After five tumultuous years, I left the priesthood to claim a more spacious Christian faith, which freed me to begin a profound recasting of the meaning of Jesus Christ. Only as a former priest was I free to question the assumptions — going far deeper than ancient “Christ killer” slanders — that perpetuate, even in this ecumenical age, anti-Jewish stereotypes. Again and again, I had to confront the ways in which my own attitudes toward Jesus were stubbornly anti-Jewish. As a person in the pew, also, I regularly heard the negative-positive pairing of Old Testament against the New Testament, and the tone-deaf sermons that assumed the war between Jesus and “the Jews.” I still hear such preaching at least once a month.

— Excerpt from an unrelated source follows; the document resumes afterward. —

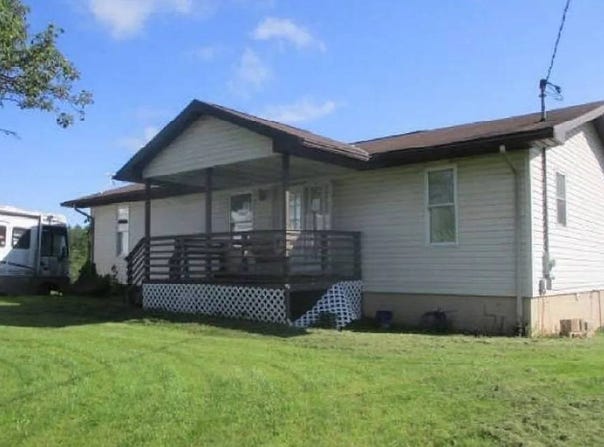 105 Woodcrest Dr, Marietta, OH 45750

I staked my future on a writerly conscience, but I never abandoned my first religious insight — about God and suffering. It meant everything to me that the entire religious tradition of which I was still a part began with God’s coming to Moses not because God had seen the sin of the people, but because He’d seen their suffering: “I have seen the affliction of my people who are in Egypt,” He told Moses, “and have heard their cry because of their taskmasters; I know their sufferings, and I have come down to deliver them.” Yet it took me decades of work on the sly mechanisms of the anti-Semitic imagination — including two books detailing the history of Christian contempt for Jews — to reverse my primal identification of the gaunt-eyed Jews at barbed wire with the flayed and battered body of my Lord. Having put Auschwitz at the center of my work, I found it necessary, instead, to look at Jesus with the death camp as a lens — the opposite of my innate urge to see Auschwitz through the redeeming frame of Jesus’ self-sacrifice. At last, I shared the recognition that Dietrich Bonhoeffer had come to in a Gestapo prison; I could see the point that Elie Wiesel had made before the Auschwitz gallows: If Jesus had been hanged there, it would not have been as the atoning Son of God, but as another Jewish victim. Period. If there is to be Christian reckoning, it must begin there.